Ou quando Didion, em momento de autoconsciência cortante, reflete: “Percebi que talvez parte da situação em que me encontro agora resulte do fato de que nunca me preparei —de alguma forma, nunca consegui me preparar— para a idade que tenho e para a situação em que me encontro agora. E comecei a me perguntar se, de alguma forma, não teria sido necessário —para preservar a imagem de mim mesma como alguém jovem e poderosa— manter Quintana como um bebê, dependente de mim”.

Quando “Para John” foi publicado, houve quem defendesse a exposição póstuma da autora e argumentasse que essa seria uma forma interessante de compreender o seu processo criativo. Apontavam, com alguma razão, que sua biografia sempre havia informado a sua escrita, e vice-versa.

Também houve quem afirmasse que a identidade de Didion era o seu estilo, uma depuração da mistura de concisão e musicalidade de Hemingway, de quem era fã. Para John, de acordo com eles, não era uma obra acabada, mas a sombra de um esboço.

Martin Amis uma vez definiu a escrita da autora como “(…) composta de ênfases, repetições e reiterações. Um estilo de quem aprecia olhar as mesmas coisas sob ângulos diferentes e gosta de começar e de terminar frases sucessivas de modo semelhante”. É um estilo enumerativo, com modulação e cadência próprias.

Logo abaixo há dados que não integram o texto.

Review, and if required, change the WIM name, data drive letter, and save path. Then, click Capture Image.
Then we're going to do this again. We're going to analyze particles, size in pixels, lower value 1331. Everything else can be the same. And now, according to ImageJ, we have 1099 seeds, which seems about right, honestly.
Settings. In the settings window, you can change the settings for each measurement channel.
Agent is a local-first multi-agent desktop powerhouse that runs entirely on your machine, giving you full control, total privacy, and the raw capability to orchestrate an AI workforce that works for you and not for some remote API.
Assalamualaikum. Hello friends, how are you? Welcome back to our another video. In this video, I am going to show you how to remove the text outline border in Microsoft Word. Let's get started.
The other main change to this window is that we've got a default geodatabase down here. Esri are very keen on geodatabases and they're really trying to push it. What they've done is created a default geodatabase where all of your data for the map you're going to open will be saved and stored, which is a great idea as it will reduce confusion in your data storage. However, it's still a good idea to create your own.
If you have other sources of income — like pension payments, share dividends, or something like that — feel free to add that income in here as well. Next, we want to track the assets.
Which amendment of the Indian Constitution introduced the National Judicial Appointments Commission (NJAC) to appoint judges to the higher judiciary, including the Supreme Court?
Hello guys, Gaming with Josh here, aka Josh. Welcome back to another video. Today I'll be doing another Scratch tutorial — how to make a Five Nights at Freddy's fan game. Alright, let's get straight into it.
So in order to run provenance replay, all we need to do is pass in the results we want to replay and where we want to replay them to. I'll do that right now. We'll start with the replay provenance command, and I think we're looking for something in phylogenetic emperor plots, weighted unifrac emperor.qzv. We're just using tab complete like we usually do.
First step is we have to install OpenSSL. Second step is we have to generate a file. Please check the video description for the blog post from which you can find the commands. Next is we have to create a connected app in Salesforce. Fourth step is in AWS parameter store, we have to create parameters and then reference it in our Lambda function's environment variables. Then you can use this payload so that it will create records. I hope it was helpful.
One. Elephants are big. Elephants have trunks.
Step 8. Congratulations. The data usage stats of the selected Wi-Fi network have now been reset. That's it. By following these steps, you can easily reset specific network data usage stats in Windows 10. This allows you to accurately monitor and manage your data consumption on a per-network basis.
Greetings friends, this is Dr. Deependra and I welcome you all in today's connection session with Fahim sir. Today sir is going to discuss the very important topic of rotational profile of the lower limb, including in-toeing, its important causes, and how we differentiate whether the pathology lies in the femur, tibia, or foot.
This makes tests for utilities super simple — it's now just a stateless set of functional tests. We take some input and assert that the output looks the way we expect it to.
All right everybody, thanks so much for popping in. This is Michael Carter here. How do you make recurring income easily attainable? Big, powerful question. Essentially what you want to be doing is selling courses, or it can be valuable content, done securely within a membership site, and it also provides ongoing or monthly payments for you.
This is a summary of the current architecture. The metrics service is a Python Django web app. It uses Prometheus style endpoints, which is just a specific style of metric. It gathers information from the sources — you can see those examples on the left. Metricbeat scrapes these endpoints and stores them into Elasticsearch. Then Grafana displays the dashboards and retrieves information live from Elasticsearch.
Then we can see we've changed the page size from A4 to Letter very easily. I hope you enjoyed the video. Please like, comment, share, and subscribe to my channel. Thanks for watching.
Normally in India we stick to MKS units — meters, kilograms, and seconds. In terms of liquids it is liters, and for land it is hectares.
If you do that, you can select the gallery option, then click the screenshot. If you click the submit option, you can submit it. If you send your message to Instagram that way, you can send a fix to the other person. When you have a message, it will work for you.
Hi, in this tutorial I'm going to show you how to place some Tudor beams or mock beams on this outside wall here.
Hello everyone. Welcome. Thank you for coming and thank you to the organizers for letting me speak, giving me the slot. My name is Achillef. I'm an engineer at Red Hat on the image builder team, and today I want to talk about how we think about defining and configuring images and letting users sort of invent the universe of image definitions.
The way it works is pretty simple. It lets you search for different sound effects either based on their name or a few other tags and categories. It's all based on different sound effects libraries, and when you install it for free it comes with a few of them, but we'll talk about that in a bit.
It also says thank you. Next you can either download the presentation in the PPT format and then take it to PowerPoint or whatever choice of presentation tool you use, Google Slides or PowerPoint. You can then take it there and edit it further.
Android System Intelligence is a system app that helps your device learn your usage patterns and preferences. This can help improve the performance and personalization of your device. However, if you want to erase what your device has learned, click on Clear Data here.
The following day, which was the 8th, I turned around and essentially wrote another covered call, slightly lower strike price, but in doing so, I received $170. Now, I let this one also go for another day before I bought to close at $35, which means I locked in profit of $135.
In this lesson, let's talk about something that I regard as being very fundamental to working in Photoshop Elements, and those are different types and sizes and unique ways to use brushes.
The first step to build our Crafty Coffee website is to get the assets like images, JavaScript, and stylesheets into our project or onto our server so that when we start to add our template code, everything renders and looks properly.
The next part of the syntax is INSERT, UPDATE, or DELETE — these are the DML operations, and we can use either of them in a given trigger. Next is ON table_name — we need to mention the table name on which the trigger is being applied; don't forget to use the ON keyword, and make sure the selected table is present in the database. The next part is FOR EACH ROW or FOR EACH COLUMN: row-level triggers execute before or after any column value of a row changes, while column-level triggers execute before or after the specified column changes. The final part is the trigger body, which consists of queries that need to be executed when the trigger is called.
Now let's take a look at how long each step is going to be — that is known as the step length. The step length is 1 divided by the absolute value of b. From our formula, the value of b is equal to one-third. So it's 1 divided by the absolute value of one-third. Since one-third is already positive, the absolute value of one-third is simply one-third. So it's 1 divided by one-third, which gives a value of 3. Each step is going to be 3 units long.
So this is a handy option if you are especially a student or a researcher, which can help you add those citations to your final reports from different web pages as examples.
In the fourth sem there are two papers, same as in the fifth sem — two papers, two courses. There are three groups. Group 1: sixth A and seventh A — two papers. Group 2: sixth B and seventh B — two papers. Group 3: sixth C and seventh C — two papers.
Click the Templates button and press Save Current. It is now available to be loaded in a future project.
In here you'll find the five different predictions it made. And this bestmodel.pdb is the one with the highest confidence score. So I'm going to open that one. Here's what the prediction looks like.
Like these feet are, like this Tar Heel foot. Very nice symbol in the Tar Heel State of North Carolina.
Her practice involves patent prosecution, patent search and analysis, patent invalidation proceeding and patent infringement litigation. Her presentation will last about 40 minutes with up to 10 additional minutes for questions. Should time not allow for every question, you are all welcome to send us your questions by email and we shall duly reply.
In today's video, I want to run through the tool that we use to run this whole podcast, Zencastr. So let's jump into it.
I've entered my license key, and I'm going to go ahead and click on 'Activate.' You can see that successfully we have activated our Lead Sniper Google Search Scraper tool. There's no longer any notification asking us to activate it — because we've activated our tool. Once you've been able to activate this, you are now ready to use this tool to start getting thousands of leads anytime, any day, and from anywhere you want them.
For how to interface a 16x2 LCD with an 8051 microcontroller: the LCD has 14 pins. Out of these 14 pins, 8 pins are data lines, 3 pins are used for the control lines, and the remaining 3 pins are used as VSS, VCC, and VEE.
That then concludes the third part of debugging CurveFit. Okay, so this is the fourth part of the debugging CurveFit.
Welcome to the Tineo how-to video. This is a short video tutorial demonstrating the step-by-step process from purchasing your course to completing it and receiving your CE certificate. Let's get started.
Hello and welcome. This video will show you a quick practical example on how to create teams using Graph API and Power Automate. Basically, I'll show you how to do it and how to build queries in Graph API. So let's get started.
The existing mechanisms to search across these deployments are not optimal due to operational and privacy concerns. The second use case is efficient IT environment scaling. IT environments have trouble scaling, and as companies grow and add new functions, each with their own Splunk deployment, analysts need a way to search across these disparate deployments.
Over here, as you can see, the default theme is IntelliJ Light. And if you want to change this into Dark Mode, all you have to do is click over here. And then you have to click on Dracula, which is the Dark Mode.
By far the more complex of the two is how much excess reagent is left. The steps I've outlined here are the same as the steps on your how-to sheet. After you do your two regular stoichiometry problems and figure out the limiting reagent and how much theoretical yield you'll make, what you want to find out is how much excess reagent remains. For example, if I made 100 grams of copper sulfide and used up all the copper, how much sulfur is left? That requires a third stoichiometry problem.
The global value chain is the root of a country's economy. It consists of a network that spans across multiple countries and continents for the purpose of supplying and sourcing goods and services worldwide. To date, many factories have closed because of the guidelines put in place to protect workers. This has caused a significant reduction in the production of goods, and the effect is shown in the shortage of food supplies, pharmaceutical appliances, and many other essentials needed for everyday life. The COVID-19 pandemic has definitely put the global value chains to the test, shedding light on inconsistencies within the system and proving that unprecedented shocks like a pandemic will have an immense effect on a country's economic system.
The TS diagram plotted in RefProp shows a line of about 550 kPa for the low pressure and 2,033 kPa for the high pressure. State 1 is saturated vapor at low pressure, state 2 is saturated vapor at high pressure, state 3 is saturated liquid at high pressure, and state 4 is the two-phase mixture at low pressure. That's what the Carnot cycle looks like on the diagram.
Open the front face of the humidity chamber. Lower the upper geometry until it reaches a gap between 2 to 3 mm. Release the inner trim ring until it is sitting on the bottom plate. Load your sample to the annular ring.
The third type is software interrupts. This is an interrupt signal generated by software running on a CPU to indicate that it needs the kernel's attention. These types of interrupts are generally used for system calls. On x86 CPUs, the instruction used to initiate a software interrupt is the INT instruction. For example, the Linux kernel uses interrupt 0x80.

Ela escrevia as cenas de seus romances como quem criava o roteiro de um filme. Nunca teve muita paciência com descrições. O que movia a ação eram os diálogos e as elipses entre esses diálogos. Para John pode ser lido como a elaboração dessa técnica.

O que está registrado é, em primeiro lugar, a lembrança do que disse ao terapeuta. Depois, o recorte das confidências dirigidas ao marido. Importa tanto o que foi revelado quanto o porquê da revelação. Além, é claro, da maneira escolhida para narrar.

Em ensaio antigo sobre Hemingway, Didion condenou a publicação póstuma de material inacabado do autor. Editar um escritor morto era uma atividade repleta de seus próprios dilemas éticos, refletia.

Didion achava que o estilo literário de alguém tinha menos a ver com ornamento e muito mais com precisão. Você até pode ler Para John e considerá-lo uma obra “crua” e “verdadeira”, mas talvez seja mais adequado argumentar o oposto.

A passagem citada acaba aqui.